> PROBLEM TO WORK ON:
Answer with the exact lines of the following material from the one containing "Hobby Store Mini" through the one containing "This BBQish recipe", both end lines included.

> DATASET CONTENT:

************

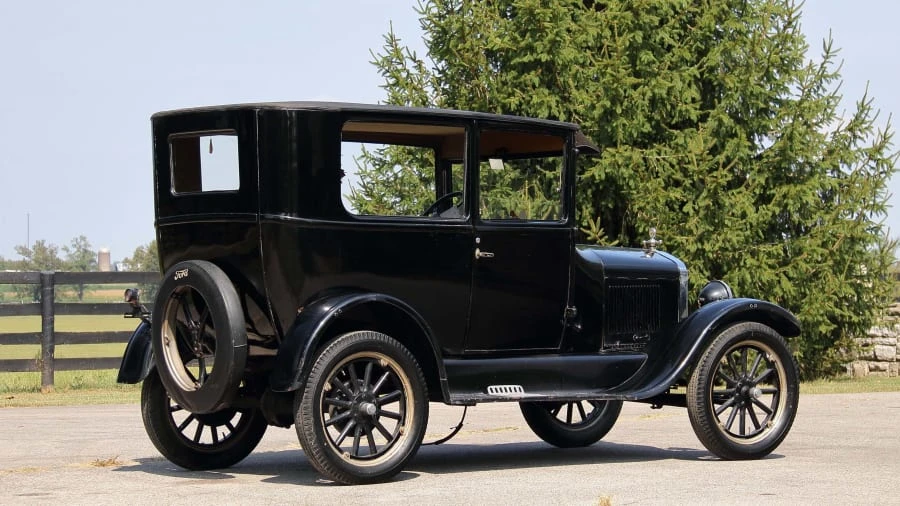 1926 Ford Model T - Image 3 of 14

************

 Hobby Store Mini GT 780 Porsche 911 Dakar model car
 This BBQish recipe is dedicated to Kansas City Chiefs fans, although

************

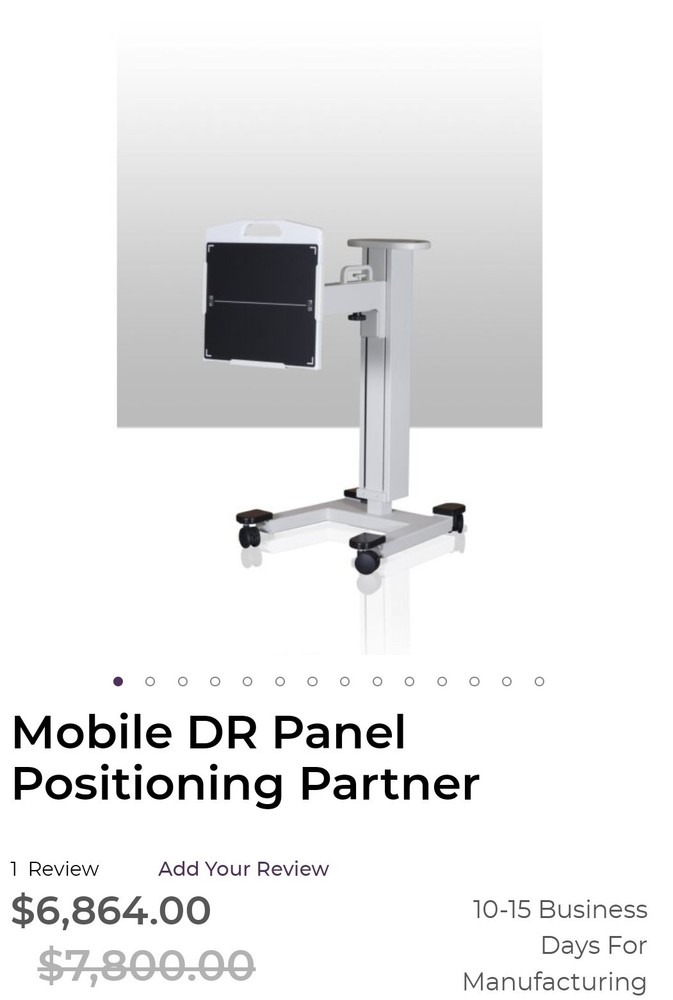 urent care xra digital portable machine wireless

************

> YOUR RESPONSE:
 Hobby Store Mini GT 780 Porsche 911 Dakar model car
 This BBQish recipe is dedicated to Kansas City Chiefs fans, although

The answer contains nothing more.